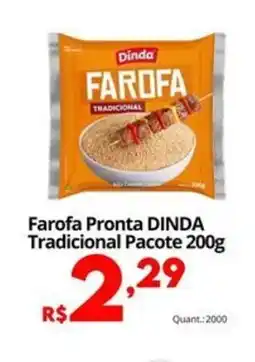 Althoff Supermercados Farofa Pronta DINDA Tradicional Pacote oferta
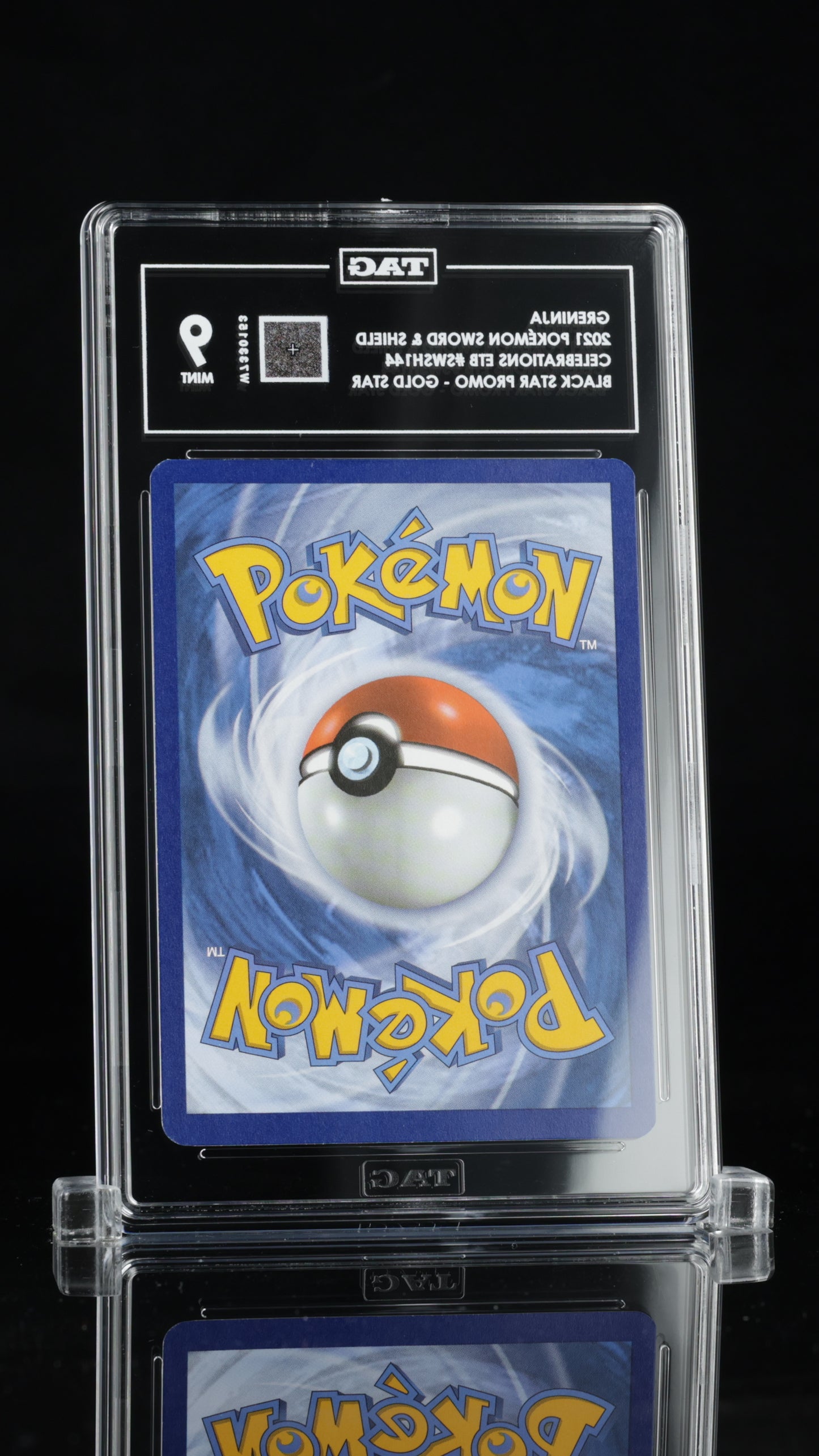 Pokemon 2021 Greninja - Celebrations - Black/Gold Star Promo - TAG 9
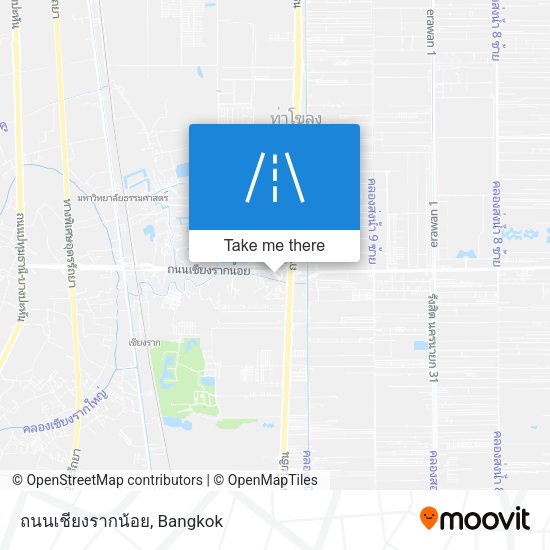 ถนนเชียงรากน้อย map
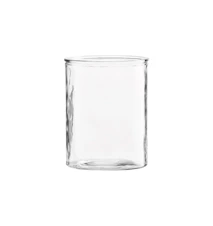 Vase Cylinder Ø 13x15cm Clear
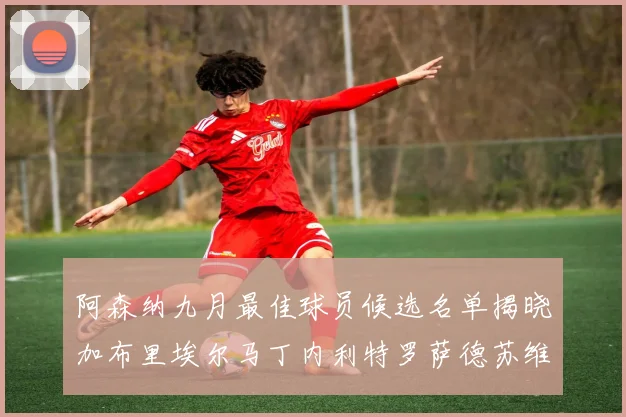 阿森纳九月最佳球员候选名单揭晓加布里埃尔马丁内利特罗萨德苏维门迪入围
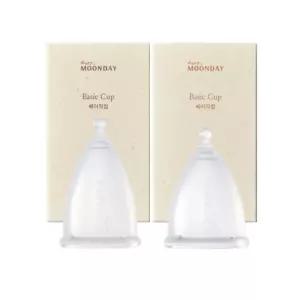 해피문데이 베이직컵 생리컵 안심 편안 숏+미디엄1set BNS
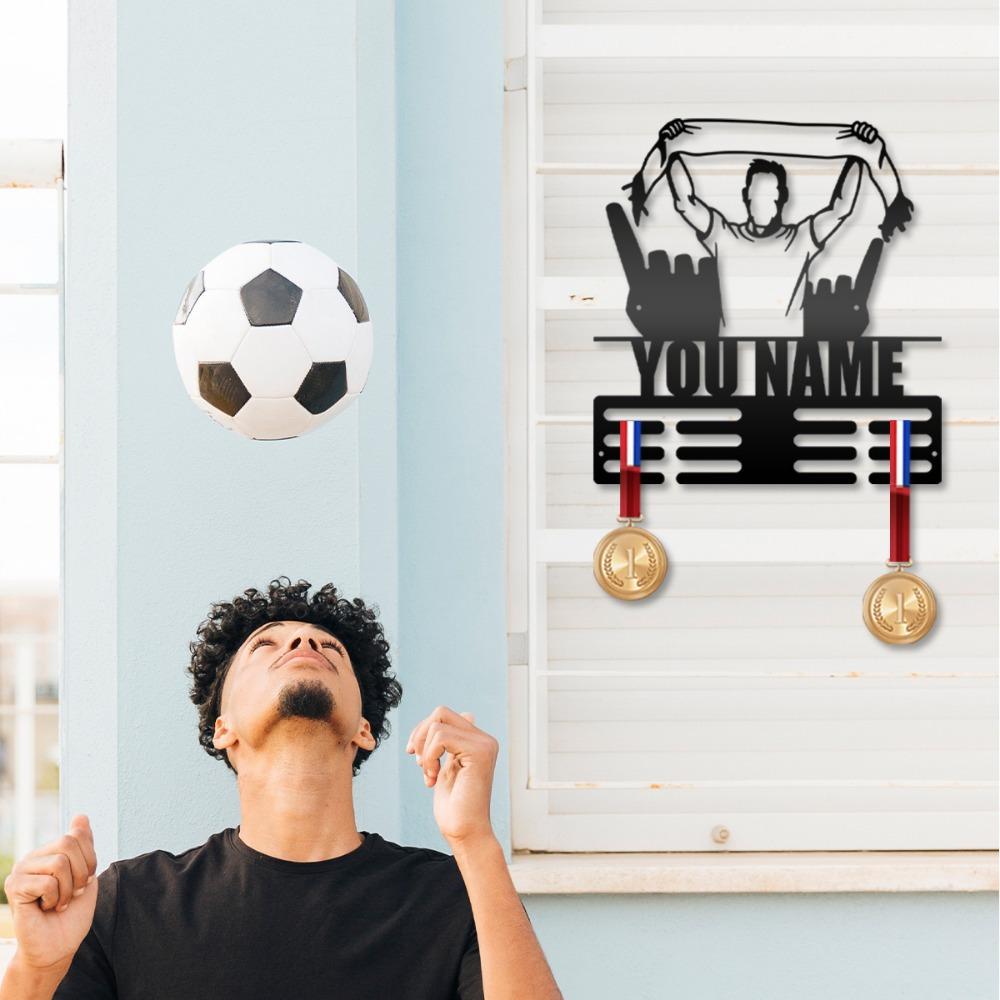 Metal Trophy Rack 12 Slots Wall Decor Personalized Sports Display Holder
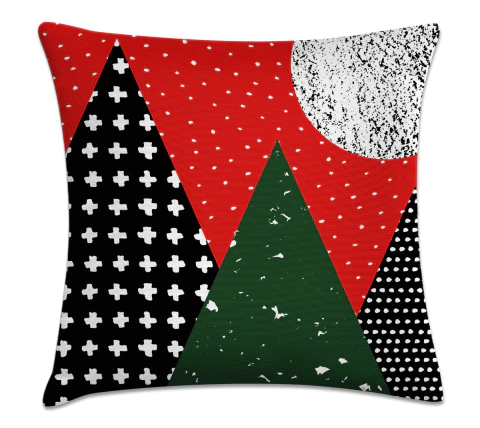Capa de Almofada Natal 45x45 - Montanhas Escandinava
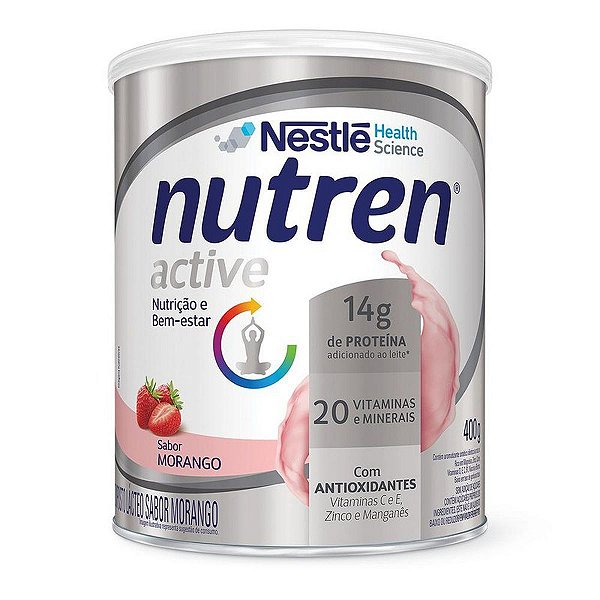 Nutren Active Morango - Lata 400G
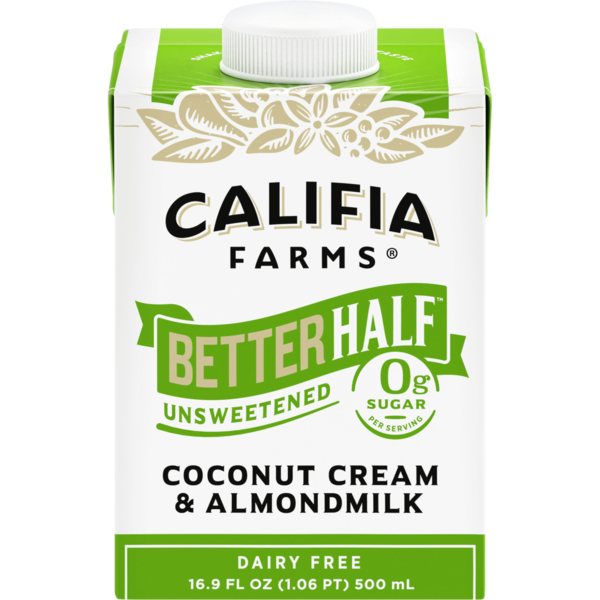 Creamer Califia Farms Unsweetened Better Half Coconut Cream & Almondmilk Creamer hero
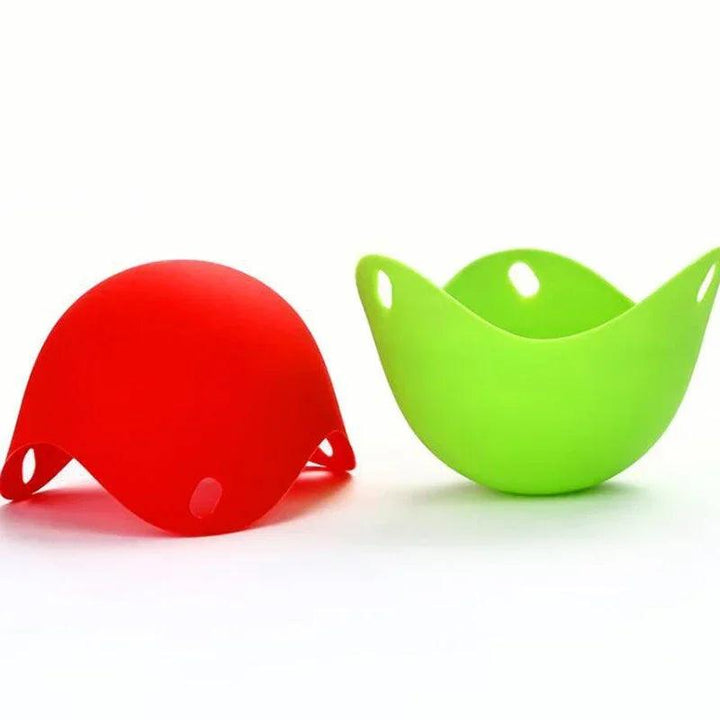 Egg Poachers Silicone Molds Cooker Tools Pancake Cookware Bakeware Steam Eggs Plate Tray Healthy Novel Kitchen Accessories - My Store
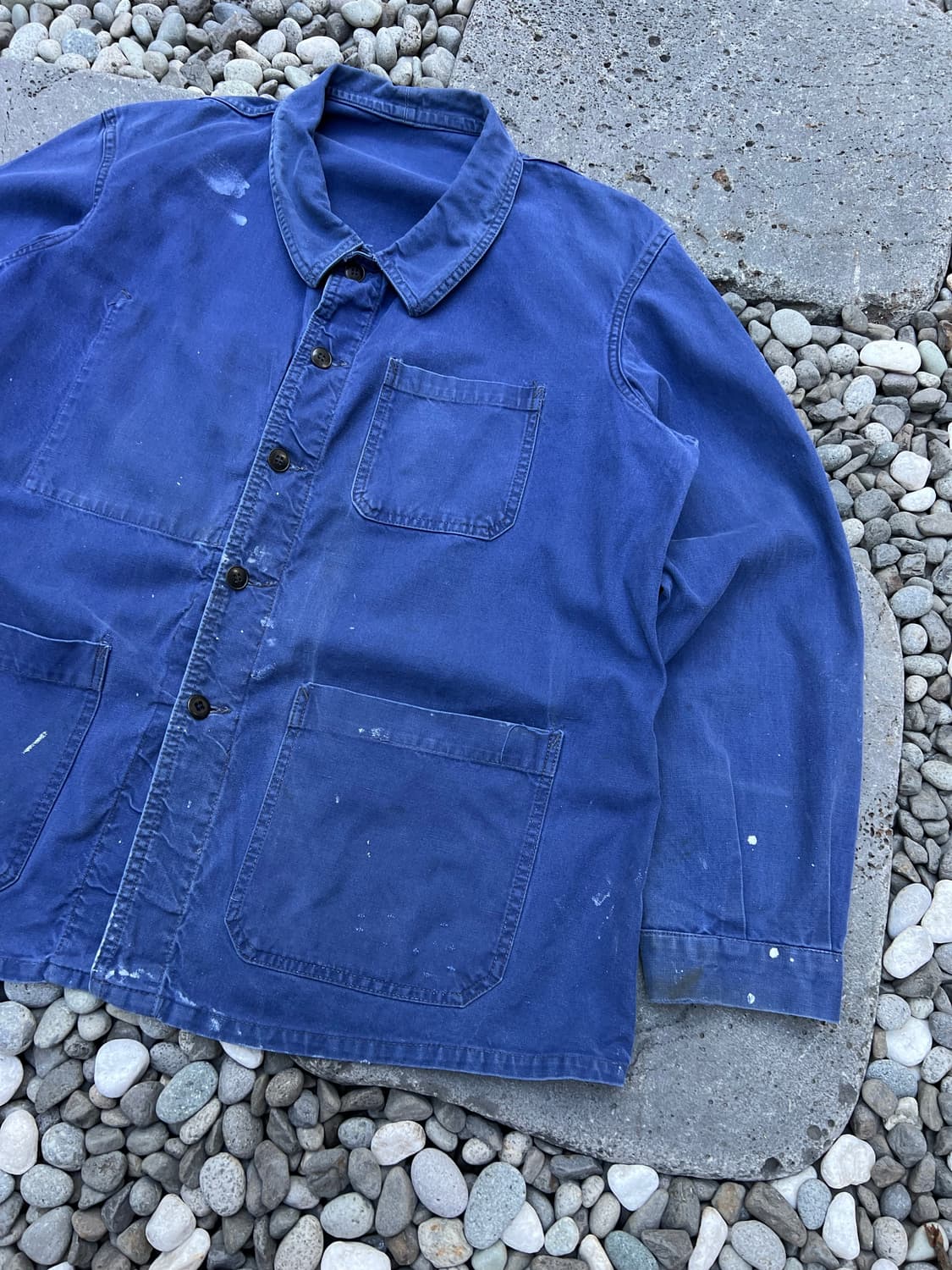 FADED VINTAGE WASHING PATCHWORK 프렌치워크자켓 상품이미지8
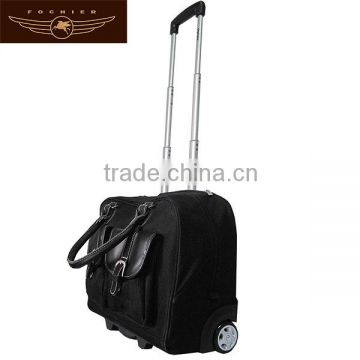 men high quality laptop bag with 2 wheels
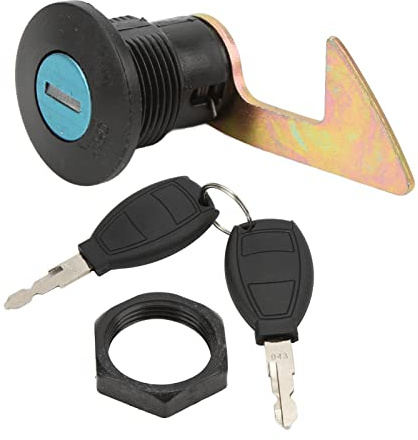 Cerradura Trasera para Maletero de Motocicleta, Cerradura Trasera para Montaje de Scooter, Plástico de Aluminio, Universal, para Maletero de Almacenamiento de Motocicletas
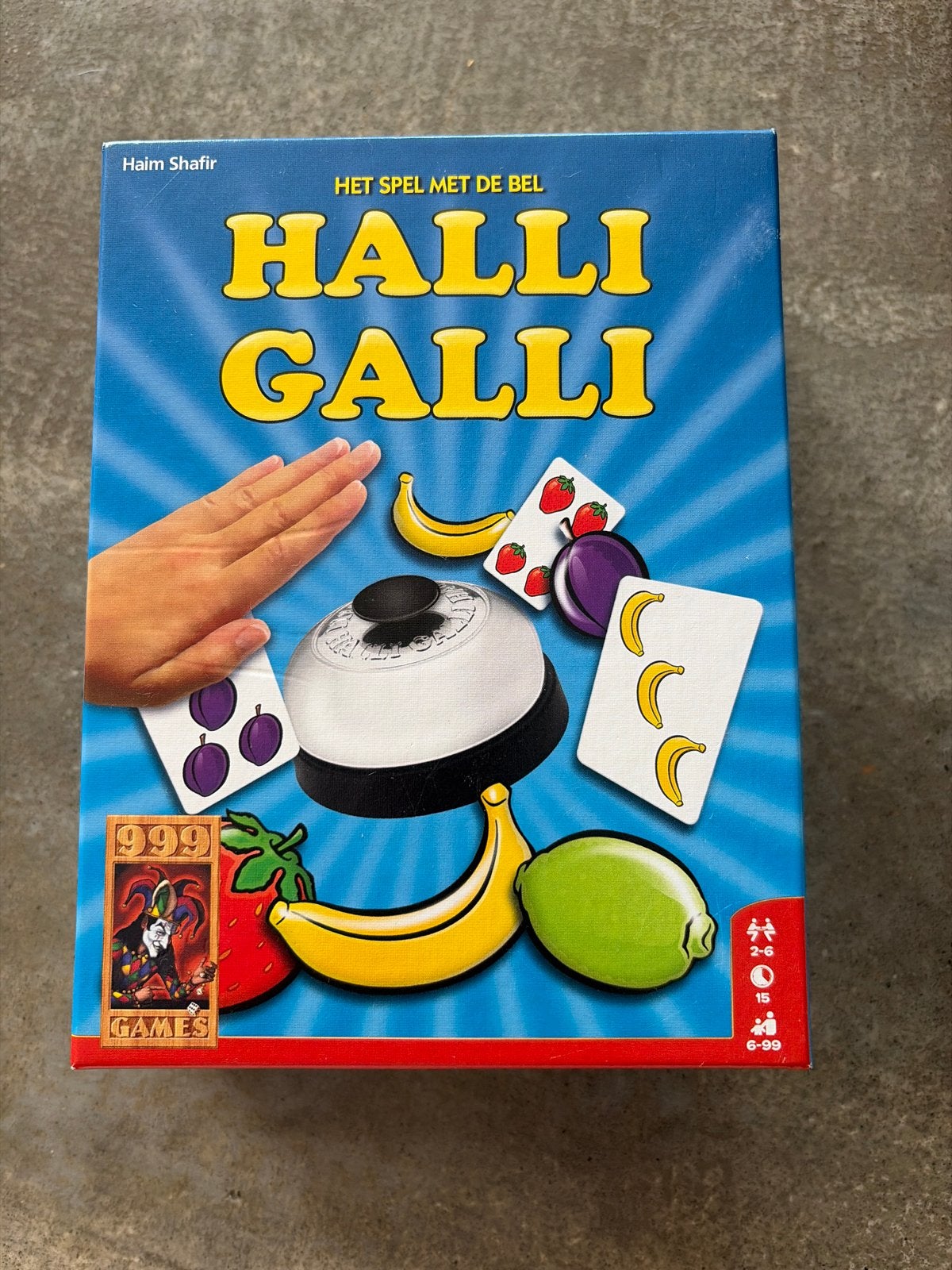 Halli Galli - Het snelle kaartspel met de bel, Een of twee spelers, Ophalen, Zo goed als nieuw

◆ ◆ ◆ ◆

- [To do]: From the first line above through the line containing "Nutren Active Morango - Lata 400G", copy everything exactly, without the pictures.

- [Finished task]:
 Althoff Supermercados Farofa Pronta DINDA Tradicional Pacote oferta
 Pokemon 2021 Greninja - Celebrations - Black/Gold Star Promo - TAG 9
 ถนนเชียงรากน้อย map
 Vase Cylinder Ø 13x15cm Clear
 阿森纳九月最佳球员候选名单揭晓加布里埃尔马丁内利特罗萨德苏维门迪入围
 해피문데이 베이직컵 생리컵 안심 편안 숏+미디엄1set BNS
 Metal Trophy Rack 12 Slots Wall Decor Personalized Sports Display Holder
Capa de Almofada Natal 45x45 - Montanhas Escandinava
 Nutren Active Morango - Lata 400G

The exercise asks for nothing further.